Cuando el hombre apareció sobre la faz de la tierra debió aprender todo
lo necesario para sobrevivir: cazar, construir una vivienda,
pelear, esconderse.
Los milenos agruparon luego la totalidad los conocimientos bajo la
palabra filosofía, y más tarde el enciclopedismo impulsó a la gente a
conocer su entorno por completo: desde el nombre de las aves hasta el contenido
de los libros.
Pero la Revolución Industrial nos fue convirtiendo poco a poco en seres súper
especialistas. Por eso hoy en día un abogado no sabe nada de matemáticas, ni un
ingeniero de poesía, ni un odontólogo de agricultura. Se acabó la era
del hombre total
Ahora hay movedores de palancas o apretadores de botones, pero muy pocos
hacen ambas cosas. Cada vez hay profesiones más específicas: expertos en esto,
especialistas en aquello.
En todo caso, aparte de una ignorancia espléndida y de la imposibilidad de
participar honorablemente en «Quién quiere ser millonario», podría decirse que
los tiempos cambiaron y que ahora las cosas son así y punto,
«porque si cada quien se ocupa de sus propios problemas se soluciona el problema
de todos». Sin embargo…
Ese legado de la Revolución Industrial convierte al hombre en el segmento de
un engranaje para la producción, en una tuerca, llave inglesa,
alicate, tornillo o destornillador. Entonces el ser humano pierde su esencia: se
vuelve parte de una cosa que llaman sistema y se olvida de su propia identidad,
de su individualidad indestructible, de su personalidad.
Tal vez
Aldous
Huxley pensó en algo parecido cuando escribió «Un mundo feliz», el libro
maravilloso que quiero recomendar.
La idea ya se le había ocurrido a Miguel de Unamuno y hasta Henry Ford hizo
una autocrítica del tema en sus memorias. Pero a diferencia de ellos, y de
muchos otros, Huxley imaginó que un mundo súper industrializado podría
proporcionar felicidad a todos sus habitantes a cambio de sus
identidades.
En 1932 Aldous Huxley publicó «Un mundo Feliz»: novela en la que describió
una supuesta sociedad futurista donde todo funciona absolutamente bien.

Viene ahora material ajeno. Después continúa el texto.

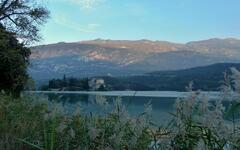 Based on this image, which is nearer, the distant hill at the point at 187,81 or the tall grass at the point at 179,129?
the tall grass at the point at 179,129

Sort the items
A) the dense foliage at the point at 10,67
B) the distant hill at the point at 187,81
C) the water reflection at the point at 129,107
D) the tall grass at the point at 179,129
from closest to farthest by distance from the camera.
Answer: the tall grass at the point at 179,129 < the distant hill at the point at 187,81 < the water reflection at the point at 129,107 < the dense foliage at the point at 10,67

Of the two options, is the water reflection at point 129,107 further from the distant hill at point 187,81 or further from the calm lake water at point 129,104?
the distant hill at point 187,81

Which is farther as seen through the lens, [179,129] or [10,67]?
[10,67]

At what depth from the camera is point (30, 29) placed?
42094mm

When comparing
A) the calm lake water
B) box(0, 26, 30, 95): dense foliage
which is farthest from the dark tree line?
the calm lake water

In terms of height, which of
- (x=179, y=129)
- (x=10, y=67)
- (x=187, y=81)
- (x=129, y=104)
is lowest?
(x=179, y=129)

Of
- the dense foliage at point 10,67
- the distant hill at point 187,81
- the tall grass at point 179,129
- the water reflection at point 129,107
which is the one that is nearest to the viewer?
the tall grass at point 179,129

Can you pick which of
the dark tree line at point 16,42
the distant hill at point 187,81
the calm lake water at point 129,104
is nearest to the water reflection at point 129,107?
the calm lake water at point 129,104

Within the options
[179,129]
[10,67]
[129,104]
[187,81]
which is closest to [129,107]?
[129,104]

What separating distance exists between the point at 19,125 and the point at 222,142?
4149 millimetres

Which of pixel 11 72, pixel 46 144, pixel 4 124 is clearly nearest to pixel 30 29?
pixel 11 72

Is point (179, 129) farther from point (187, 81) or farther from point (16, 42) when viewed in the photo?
point (16, 42)

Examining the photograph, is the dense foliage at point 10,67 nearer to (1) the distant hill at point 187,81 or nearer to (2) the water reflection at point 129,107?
(1) the distant hill at point 187,81

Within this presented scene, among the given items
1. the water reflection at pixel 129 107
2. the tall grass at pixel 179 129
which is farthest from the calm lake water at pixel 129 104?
the tall grass at pixel 179 129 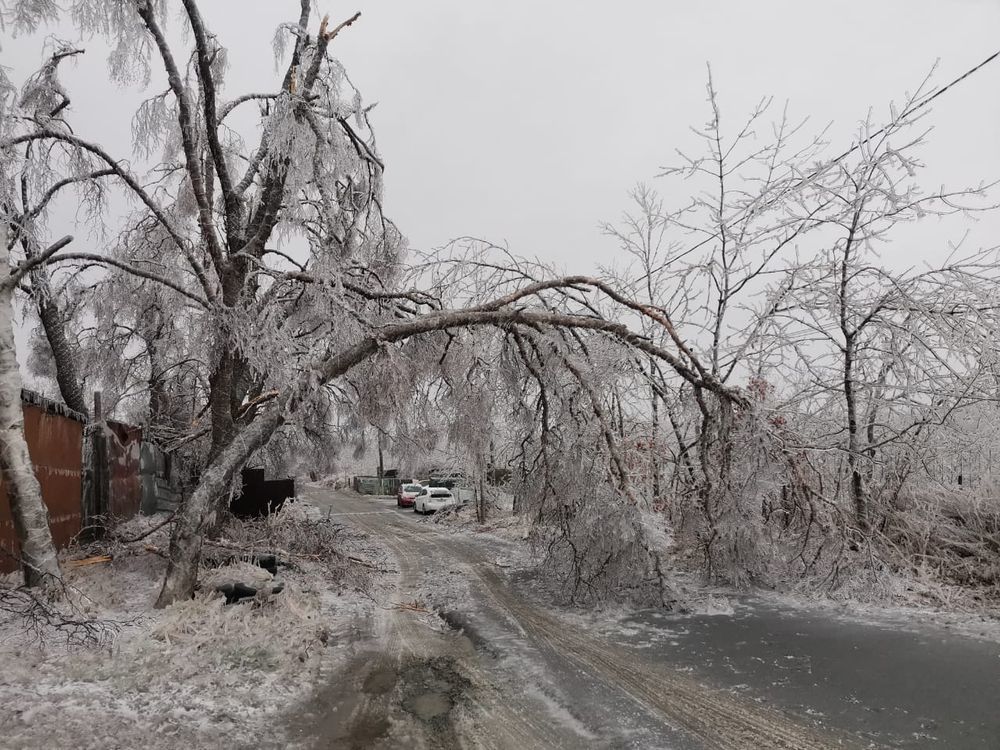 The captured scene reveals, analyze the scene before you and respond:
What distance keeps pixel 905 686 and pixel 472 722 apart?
3402 mm

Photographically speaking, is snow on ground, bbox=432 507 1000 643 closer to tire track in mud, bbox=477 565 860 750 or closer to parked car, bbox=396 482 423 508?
tire track in mud, bbox=477 565 860 750

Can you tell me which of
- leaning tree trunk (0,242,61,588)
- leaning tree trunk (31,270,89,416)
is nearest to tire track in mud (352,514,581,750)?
leaning tree trunk (0,242,61,588)

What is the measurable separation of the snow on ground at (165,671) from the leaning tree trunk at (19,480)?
1.62 ft

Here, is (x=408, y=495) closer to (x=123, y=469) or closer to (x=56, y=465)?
(x=123, y=469)

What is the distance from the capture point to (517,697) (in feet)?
16.0

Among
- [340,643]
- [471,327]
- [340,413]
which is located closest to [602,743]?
[340,643]

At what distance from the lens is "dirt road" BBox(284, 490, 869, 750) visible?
4109 millimetres

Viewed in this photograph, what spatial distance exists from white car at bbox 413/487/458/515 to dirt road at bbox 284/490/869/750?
55.8 feet

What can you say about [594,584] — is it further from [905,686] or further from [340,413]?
[340,413]

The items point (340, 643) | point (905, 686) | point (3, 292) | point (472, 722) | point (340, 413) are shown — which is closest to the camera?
point (472, 722)

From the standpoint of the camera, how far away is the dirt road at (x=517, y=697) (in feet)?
13.5

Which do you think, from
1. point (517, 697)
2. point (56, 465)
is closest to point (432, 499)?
point (56, 465)

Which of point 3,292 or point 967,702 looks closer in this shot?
point 967,702

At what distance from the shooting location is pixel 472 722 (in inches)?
173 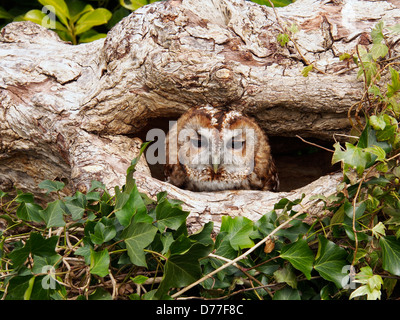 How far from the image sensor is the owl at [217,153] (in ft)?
6.02

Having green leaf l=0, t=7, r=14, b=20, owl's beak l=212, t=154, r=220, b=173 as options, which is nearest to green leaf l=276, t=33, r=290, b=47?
owl's beak l=212, t=154, r=220, b=173

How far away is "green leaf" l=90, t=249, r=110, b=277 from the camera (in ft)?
3.71

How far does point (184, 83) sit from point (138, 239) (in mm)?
802

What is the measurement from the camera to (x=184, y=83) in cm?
179

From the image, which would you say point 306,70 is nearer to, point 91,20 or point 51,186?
point 51,186

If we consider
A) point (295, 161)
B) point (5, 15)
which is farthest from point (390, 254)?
point (5, 15)

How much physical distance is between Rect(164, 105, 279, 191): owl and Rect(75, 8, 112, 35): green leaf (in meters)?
0.92

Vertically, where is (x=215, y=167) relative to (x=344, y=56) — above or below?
below

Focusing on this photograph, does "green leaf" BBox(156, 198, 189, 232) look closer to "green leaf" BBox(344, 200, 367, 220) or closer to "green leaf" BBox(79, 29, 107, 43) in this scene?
"green leaf" BBox(344, 200, 367, 220)

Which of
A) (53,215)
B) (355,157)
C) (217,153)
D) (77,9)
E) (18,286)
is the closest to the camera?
(18,286)

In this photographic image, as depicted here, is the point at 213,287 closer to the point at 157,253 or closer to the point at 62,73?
the point at 157,253

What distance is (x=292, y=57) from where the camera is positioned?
71.8 inches

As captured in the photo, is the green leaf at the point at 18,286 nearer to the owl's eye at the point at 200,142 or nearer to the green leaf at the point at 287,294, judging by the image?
the green leaf at the point at 287,294

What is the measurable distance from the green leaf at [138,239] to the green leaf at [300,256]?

No hay guerras. Nadie se queja. Todos son felices. El gobierno
mundial tiene como meta garantizar la felicidad a cada persona.
El detalle es que tal vez las personas de ese supuesto futuro no sean tan
personas. La familia, la diversidad cultural, el arte, la ciencia, la
literatura, la religión y la filosofía tuvieron que ser
eliminadas para que ese gobierno perfecto pudiera existir.
En el libro de Huxley, los niños son fecundados artificialmente:
enormes laboratorios de diseño genético elaboran embriones de
futuros ingenieros, bomberos, policías, y los clasifican según la función que
cumplirán en esa sociedad perfecta, dándoles las características físicas e
intelectuales específicas que necesitarán para su profesión: no más, ni
menos.
En «Un mundo feliz», nadie tiene mamá. En realidad, la
palabra es tomada como una grosería atroz.
En «Un mundo feliz», nadie se pone viejo. Todos los hombres
son esbeltos y todas las mujeres están buenísimas hasta los 60 años, edad en la
que debes morirte para dar paso al futuro, pero no te preocupes: después de
muerto podrás seguir ayudando al progreso con el combustible que sacarán de tu
cadáver.
En «Un mundo feliz», todos están felices todo el tiempo. Es
que les dan una droga maravillosa llamada Soma, una pastilla de la felicidad,
algo así como el Ritalín o el Prozac que tanto consumen los
habitantes del primer mundo en la vida real.
En «Un mundo feliz», las películas no tienen una trama profunda. La
gente va al cine y se sienta a sentir -con sensores especiales
adaptados a las butacas- cómo los protagonistas se besan o tienen sexo.
El sexo, ah, el sexo. En «Un mundo feliz», los niños tienen sexo desde
chiquitos para que se vayan adaptando al placer que los acompañará toda su vida.
Porque los senos ya no son glándulas mamarias ni las mujeres
paren: en «Un mundo Feliz» las cosas se parecen bastante a los
realities de la TV.
Nadie se queja porque todos son felices. El gobierno funciona. Todos están
drogados de alegría y energía para trabajar.
El problema surge cuando aparece cierto personaje que por
azares del destino, leyó a Shakespeare.